Y: An 8-bit or 10-bit coded "luminance" sample. Luminance in this 
context refers to the BT.601-5 [3] definition which is not the same 
as a true CIE luminance value. The value of "luminance" refers 
specifically to video luma. However, in order to avoid confusion with 
the BT.656 and BT.601 standards, the video luma value is referenced 
in this document as luminance. Each value has 220 quantization 
levels with the black level corresponding to level 16 and the peak 
white level corresponding to 235. 


Cb, Cr: An 8-bit or 10-bit coded color-difference sample (as per 
BT.601-5). Each color-difference value has 225 quantization levels 
in the centre part of the quantization scale with a color-difference 
of zero having an encoded value of 128. 


True Black: BT.601-5 defines a true black level as the quad-sample 
sequence 0x80, 0x10, 0x80, 0x10, representing color-difference values 
of 128 (0x80) and a luminance value of 16 (0x10). 


SAV, EAV: Video timing reference codes which appear at the start and 
end of a BT.656 scan line. 


3. Payload Design 


ITU Recommendation BT.656-3 defines a schema for the digital 
interconnection of television video signals in conjunction with 
BT.601-5 which defines the digital representation of the original 
analog signal. While BT.601-5 refers to images with or without color 
subsampling, the interconnection standard (BT.656-3) specifically 
requires 4:2:2 subsampling. This specification also requires 4:2:2 
subsampling such that the luminance stream occupies twice the 
bandwidth of each of the two color-difference streams.

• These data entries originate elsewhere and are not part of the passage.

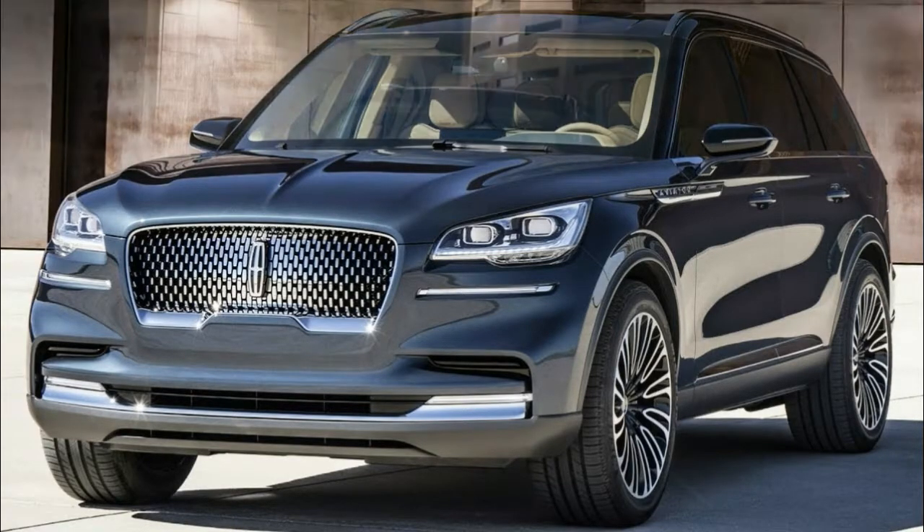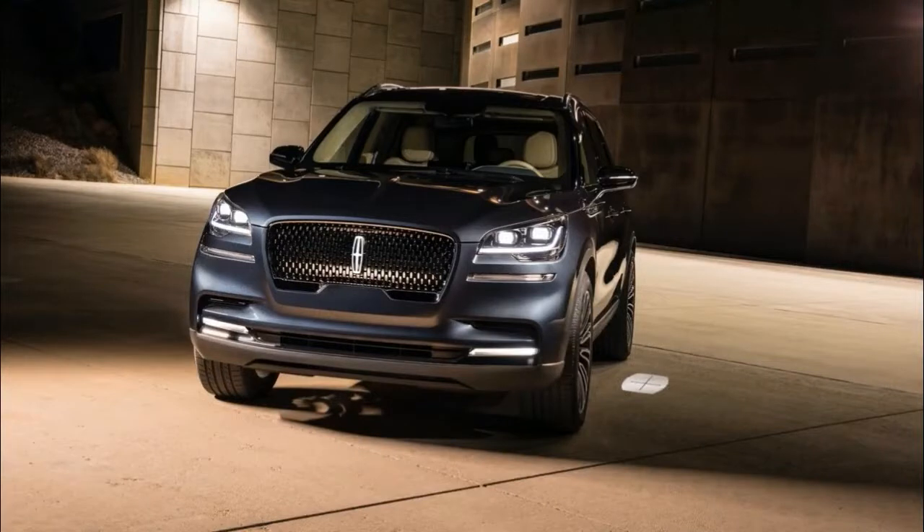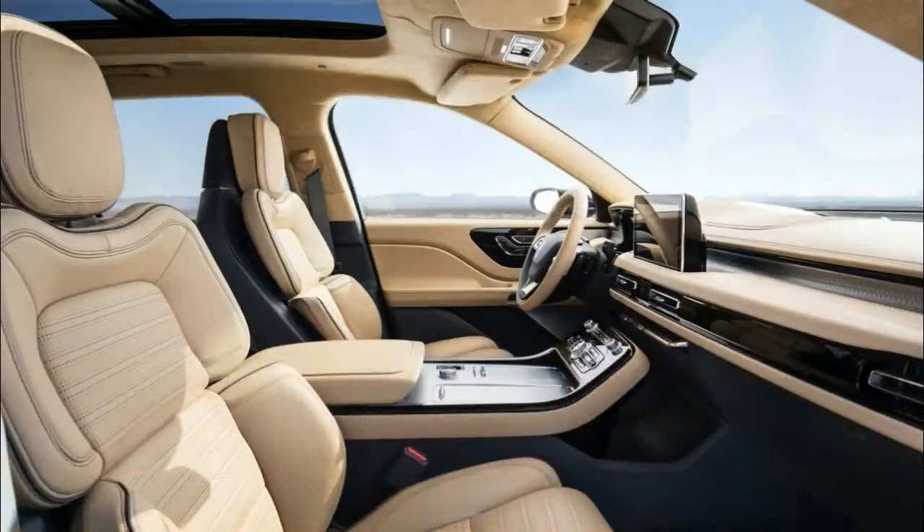In the Aviator, the lines of the vehicle are streamlined. You have the stature and presence of the grille at the front, then the body and tail taper off, creating a distinct airfoil analogy, says Lincoln design director David Woodhouse.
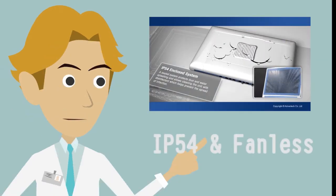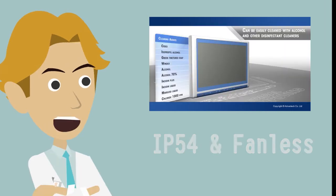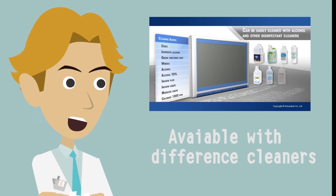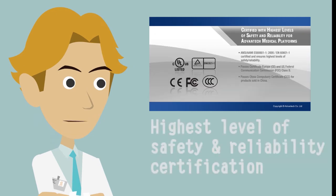Water resistant – check. Multiple disinfectants – check. Certified for safety and medical use – check.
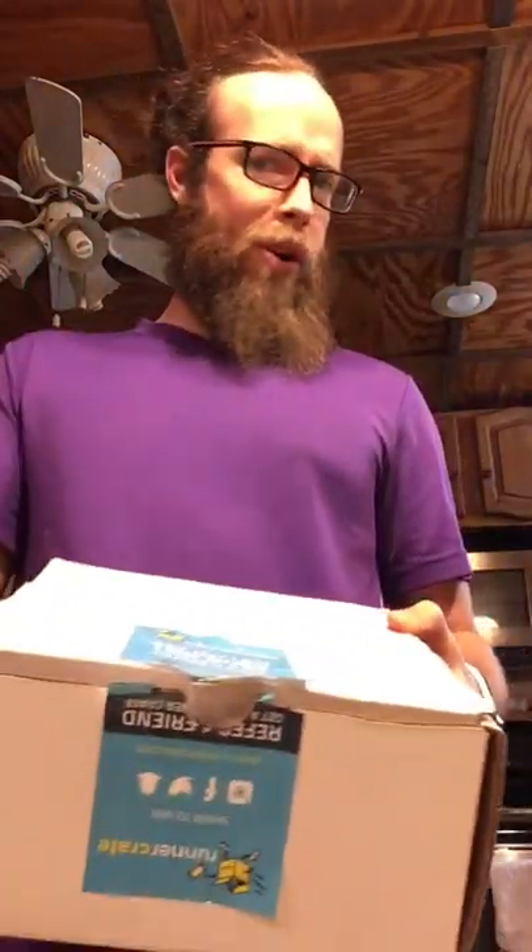It's January 8th and we have our runner crate. Probably our last one if I was gonna guess. It's got a little extra tape action going on and the seal was broke, so hopefully it's not anthrax or something in here.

For normal 
4:3 aspect ratio images, this results in 720 luminance samples per 
scan line, and 360 samples of each of the two chrominance channels. 
The total number of samples per scan line in this case is 1440. 
While this payload format specification can accomodate various image 
sizes and frame rates, only those in accordance with BT.601-5 are 
currently supported. 


Tynan Standards Track [Page 2] 


RFC 2431 RTP Payload Format for BT.656 October 1998 


Due to the lack of any form of video compression within the payload 
and sampling-rate compliance with BT.601-5, the resultant video 


stream can be considered "studio quality". However, such a stream 
can require approximately 20 megabytes per second of network 
bandwidth. In order to maximize packet size within a given MTU, and 


to optimize scan line decoding, each video scan line is encoded 
within one or more RTP packets. 


To allow for scan line synchronization, each packet includes certain 
flag bits (as defined in BT.656-3) and a unique scan line number. 
The SAV and EAV timing reference codes are removed. Furthermore, no 
line blanking samples are included, so no ancillary data can be 
included in the line blanking period. It is the responsibility of 
the receiver to generate the timing reference codes, and to insert 
the correct number of line blanking samples. 


Similarly, there is no requirement that the frame blanking samples be 
provided. However, it is possible to include frame blanking samples 
if such samples contain relevant information, such as a vertical- 
interlace time code (VITC), or teletext data. In the absence of 
frame blanking samples, the receiver MUST generate true black levels 
as defined above, to complete the correct number of scan lines per 
field. If frame blanking samples are provided, they MUST be copied 
without modification into the resultant BT.656-3 stream. 


Scan lines MUST be sent in sequential order. Error concealment for 
missing scan lines or fragments of scan lines is at the discretion of 
the receiver. 


Both 8-bit and 10-bit quantization types as defined by BT.601-5 are 
supported. 10-bit samples are considered to have two extra bits of 
fixed-point precision such that a binary value of 10111110.11 
represents a sample value of 190.75. Using 8-bit quantization, this 
would give a sample value of 190. An application receiving 8-bit 
samples for a 10-bit device MUST consider the sample as reflecting 
the most-significant 8 bits. The two least-significant bits SHOULD 
be set to zero. Similarly, an application sending 8-bit samples from 
a 10-bit device MUST drop the two least-significant bits. For a 10- 
bit quantization payload, each pair of samples MUST be encoded into a 
40-bit word (five octets) prior to transmission, as specified in 
Section 6. 


To allow for scan lines with octet lengths larger than the path 
maximum transmission unit (MTU), a scan offset field is included in 
the packet header. Applications SHOULD attempt path MTU discovery 
[6] and fragment scan lines into multiple packets no larger than the 
MTU.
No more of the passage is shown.